Y sin embargo, esa racionalidad de trabajo sí es tenida en
cuenta y explotada por las grandes marcas que saben de la laboriosidad
migrante, de la disposición al esfuerzo e incluso al sacrificio. El cálculo
migrante, entonces, trama una economía dinámica, expansiva y fundamental para
el sector textil pero no sólo se restringe a la confección. También las quintas
del conurbano se nutren de él. Y las ferias. Sin embargo, es lo que no puede
oírse ni en los medios, ni en muchas organizaciones, donde más que trabajadores
lo que se busca mostrar son personas solamente sometidas, sin margen de acción,
sin planes a futuro. A lo sumo se habla de víctimas (de la trata, de las
mafias, o de su propia historia).
La música tenebrosa que aparece en la televisión cada vez
que se habla de los talleres textiles machaca una imagen precisa: como si los
talleres fueran agujeros negros que amenazan a los vecinos blancos.
En ese esquema, se pierde también la dimensión del negocio
inmobiliario que implican sus alquileres (siempre excesivos), también el papel
de los intermediarios que quedan invisibilizados aun cuando su tarea es
estratégica porque conectan a las marcas con los talleres. También el rol del
endeudamiento que moviliza la economía migrante donde siempre se parte de una
suma en rojo: hay que pagar el viaje.
Finalmente, lo que se pierde en esta mirada es también la
temporalidad dinámica del trabajador migrante. Que calcula tal vez estar un
tiempito nomás como costurero, mientras aprende otras cosas (puede ser
periodismo, enfermería o diseño). El taller, como primer lugar de llegada,
tampoco es eterno, tampoco es siempre el mismo. Sin embargo, cuando se congela
su imagen, aparece una especie de condena infinita, de la que no se sale.

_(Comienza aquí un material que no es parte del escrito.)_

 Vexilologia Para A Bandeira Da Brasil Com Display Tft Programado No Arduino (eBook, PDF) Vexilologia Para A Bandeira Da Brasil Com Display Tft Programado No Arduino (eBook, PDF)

La cuestión es qué significa cambiar las condiciones de
explotación bajo las cuales las marcas sacan sus grandes beneficios. Para eso,
en primer lugar hay que hablar de trabajo y no de esclavitud. Segundo, no se
puede pedir allanamientos compulsivos porque sabemos que esa política termina
siendo racista en nombre de la seguridad de los vecinos y no toca para nada la
complicidad policial y política con el negocio. Luego, no se puede ser ingenuos
en la distinción entre talleristas-empresarios y trabajadores. Finalmente, hay
que pensar estrategias para que la voz de las y los costureros tome
protagonismo organizativo, exhiba sus ansias de progreso y de mejores
condiciones porque son ellxs quienes tienen esa riqueza sin la cual ninguna
prenda llega a destino: saben hacerlas bien y rápido.
Es conocido que los sindicatos del oficio no son un
recurso, casi lo contrario. El desafío es una organización propia, capaz
de articular la heterogeneidad de las situaciones diversas de los talleres al
interior de la cadena de valor en la cual están inscriptos y pelear por mejores
condiciones de vida y de trabajo. Pero aún más, que esas mejores condiciones
sean la manera de, en un tiempito nomás, salir del taller. E invertir ese
graffiti que dice “tengo mil sueños que cumplir y dos mil prendas por coser”.